Harry Browne, Richard Russell
January 6, 2004
Video Transcript

Host: In the course of these interviews, the analysts that we spoke to talk about the U.S. dollar being the reserve currency of the world. Now, it's important to understand what this means, because of this single fact there's so much at stake when confidence in the dollar declines, not only for the U.S. but for the entire world, who keep virtually all of their reserves in U.S. dollars. Now as confidence continues to weaken internationally in the dollar, two very serious problems could occur. One, countries may be less and less willing to finance the U.S. debt paid back by dollars coming off the printing press. Two, countries holding dollars may return or repatriate a flood of dollars back to the U.S. Now many economists feel this would contribute to a massive wave of inflation the likes of which the world has never seen. Now, it's ironic that what helped to establish the dollar as the reserve currency of the world was the fact that it was backed in part by gold. You may be familiar with the saying, "Sound as the dollar, good as gold."
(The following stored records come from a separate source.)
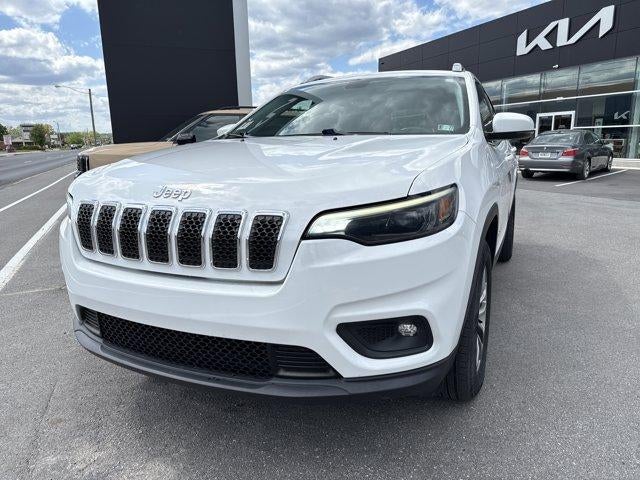 2019 Jeep Cherokee Latitude Plus 4x4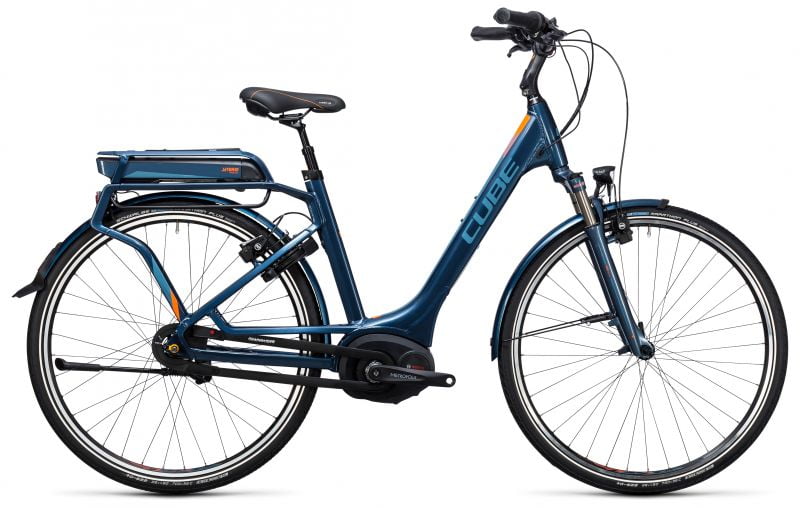 Электровелосипед Cube Travel Hybrid PRO 400 Easy Entry 2017 Электровелосипед Cube Travel Hybrid PRO 400 Easy Entry 2017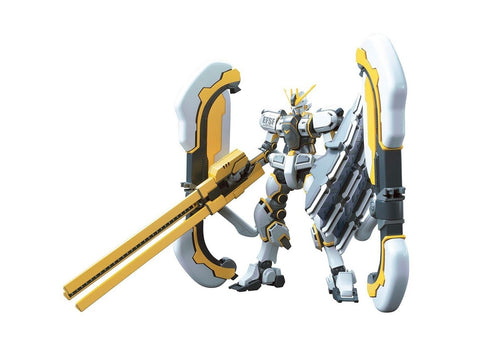 Bandai HG RX-78AL Atlas Gundam 1/144 plastikinis Gunpla rinkinys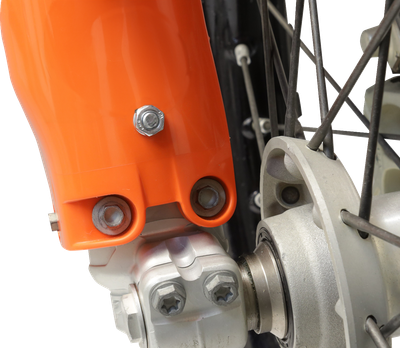 WORKS CONNECTION Hardware - Fork Guard/Reinforcing - Kit 12-194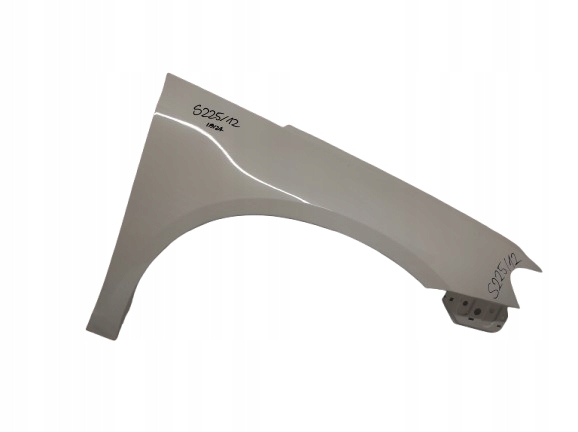 VW SCIROCCO 08- BŁOTNIK PRAWY PRZÓD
Harry Brown: It's important to realize that the dollar is the number one form of money in the world. People all over the world hold dollars for one or another reason for international trade, as a hedge against their own currencies, just a store of value, there are all kinds of reasons that people have. When they have need for something other than their own currency most people turn to the dollar as long as things are normal, but when they see inflation in the United States, not at 1% or 2%, but at 5%, 7% or 10%, they really get worried about it and a lot of the people holding dollars will then turn to the number two most popular form of money in the world and that's gold.

Richard Russell: The dollar is a reserve currency and we issue debt in our own currency. We can pay off debt just by printing money, no other country can do that, but it means that gradually other countries see what we're doing and seeing what we're getting away with and they'll start, and they are, diversifying out of dollars. We know China is doing that. We know Russia is doing that. Before long, all central banks will be diversifying out of dollars. They see the dollar as a very chancy situation.